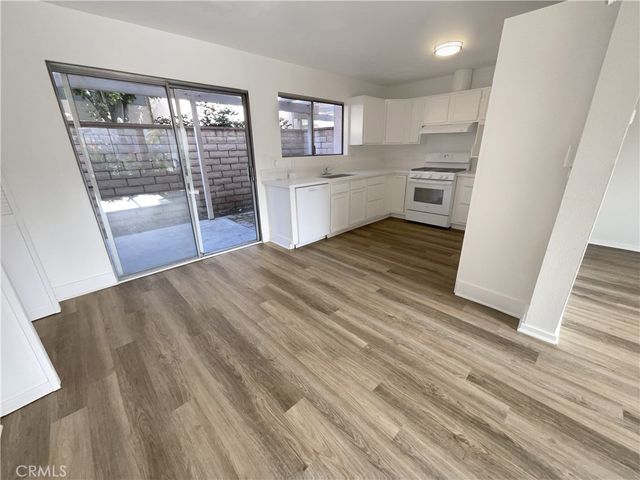 700 W La Veta, Orange, CA 92868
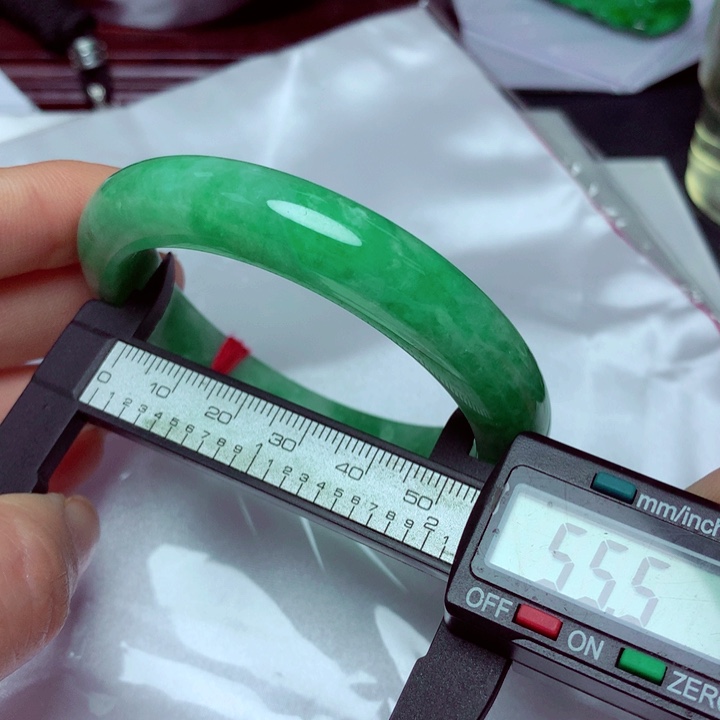 翡翠手镯未镶嵌手镯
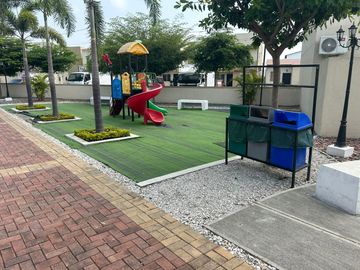 Vendo casa en Gran Vittoria de 3 dormitorios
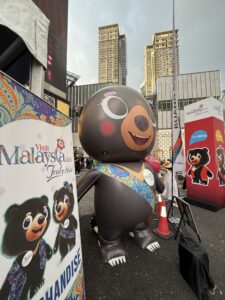 Visit Malaysia Sun Bears Inflatable Mascots Installed at Pavilion KL for Music Night Run VM2026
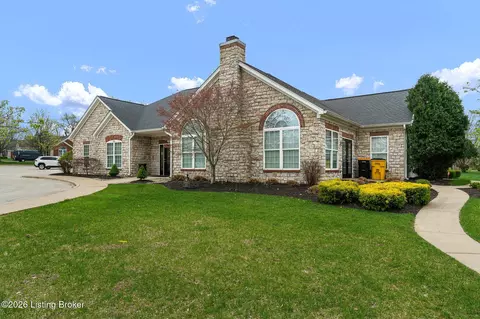 4404 Ivy Crest Cir, Louisville, KY 40241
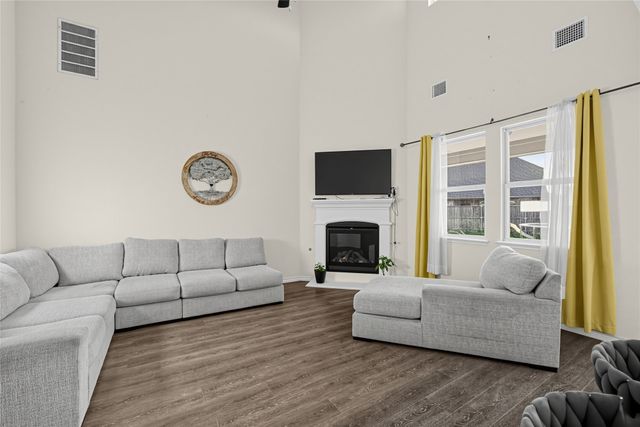 302 Cliffmere Drive, Fate, TX 75087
* * * * * * *
• _AIM OF THE EXERCISE_
Quote exactly the lines from the one that contains "Vendo casa en Gran Vittoria de 3 dormitorios" through the end of the listing above, both ends included, leaving out the pictures.

• _ANSWER SECTION_
 Vendo casa en Gran Vittoria de 3 dormitorios
 Visit Malaysia Sun Bears Inflatable Mascots Installed at Pavilion KL for Music Night Run VM2026
 4404 Ivy Crest Cir, Louisville, KY 40241
 302 Cliffmere Drive, Fate, TX 75087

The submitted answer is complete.